When fully exposed to LED bulbs, phones or screens at 6500K, the glasses seem to have minimal effect !!
For instance with iPhone 6+, the phase shift is 1h:18min and when the glasses are applied the shift is 1h:10min !!, What !?
Is there a bug in the system or is the blocking effect of these glasses so low !
In comparison "melatonin shades" seem to block almost everything and bring the phase shift down to 2mins ! This is a huge difference.
Can anyone shade some light on this ? Are there any reasonable tests of the blue blocking glasses ?
Thanks ! Rob
robert.soucek last edited by robert.soucek
here are the links to above
https://fluxometer.com/rainbow/#!id=iPhone 6+/6500K-iPhone6+&filter=filter/Gamma Ray Glasses
https://fluxometer.com/rainbow/#!id=iPhone 6+/6500K-iPhone6+&filter=filter/Melatonin Shades
herf last edited by
Yes, this is a real, accurate measurement, and we think the model is reasonably "right" for circadian and alertness applications. It's possible that eyestrain may be helped by less intense tints, but we don't have a model to explain that.

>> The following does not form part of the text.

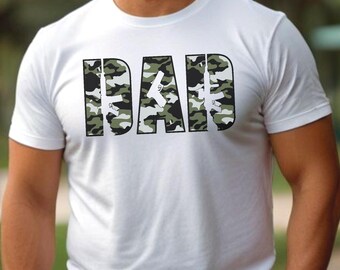 Dad And Guns Camo Shirt | Fathers Day Military Dad Gift Tee | Hunting Dad Pro Gun Birthday Preset Tshirt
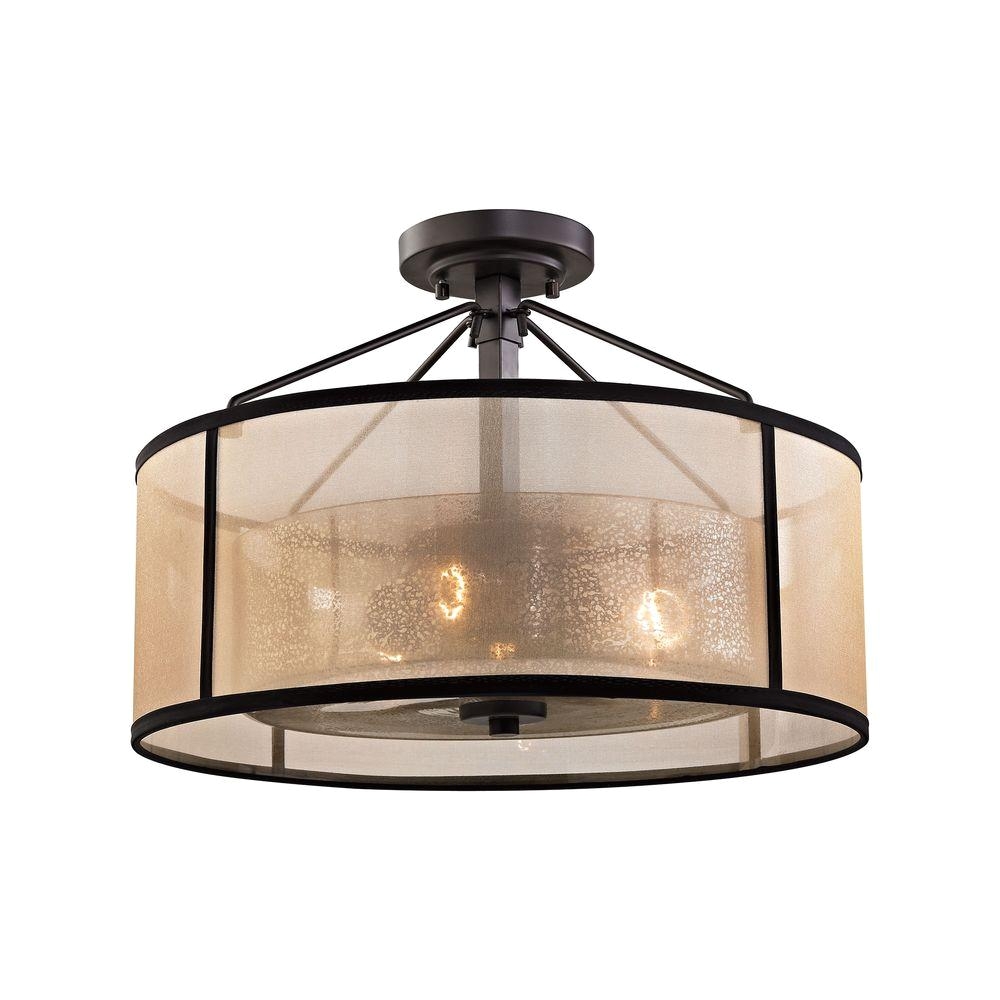 diffusion 3 light oil rubbed bronze semi flush mount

The eye's visual system (the "three cone" system) is very good at distinguishing small changes in color, so there are a lot of colors between white and "no blue light". If you've painted your walls you'll know that one drop of pigment can make you see an "off-white" color, but this doesn't mean there is a lot of pigment there. This is because the three types of cones are doing very careful comparisons to understand small changes in color. And then, the same thing happens with filters -- we are very sensitive to colors that are "nearly clear".

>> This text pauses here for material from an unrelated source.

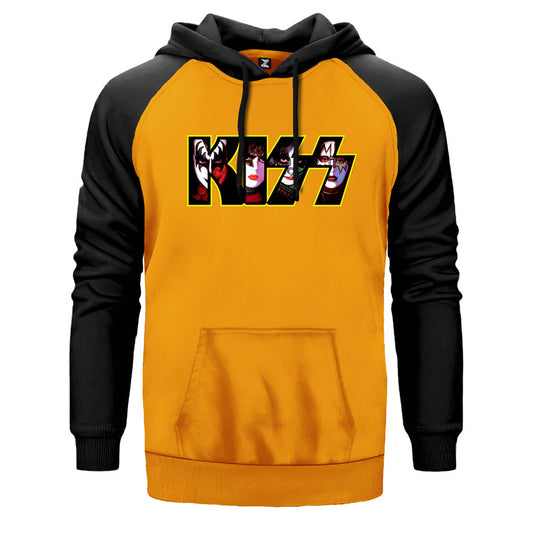 Kiss Group in Logo Çift Renk Reglan Kol Sweatshirt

On the other hand, your non-visual system (the blue-green-sensitive melanopsin cells in your retina, with input from the rods and cones) seems to care more about the absolute intensity of light, and it isn't relying so much on these tiny comparisons to decide what "color" a light is. This system is more sensitive to blue-green light, which is why we are talking about "colors" at all, but it's not making tiny color comparisons like your 3-cone system is.
The trouble comes when people try to reason that what they see visually must be the same as what their non-visual system is seeing, and they are just not the same. Small changes in whitepoint are probably not as important as people think.
For now we have to say that pretty noticeable changes are needed to make a difference.
Because these systems are different, as people get better at spectral engineering, some of these non-visual changes may be made so you can't even see them. Two recent examples include BIOS lighting and Soraa Sky:
BIOS is engineering lights that stimulate your body to think it's day without being "blue" and Soraa is making lights that are "darker" to your non-visual system while appearing more like a normal lightbulb.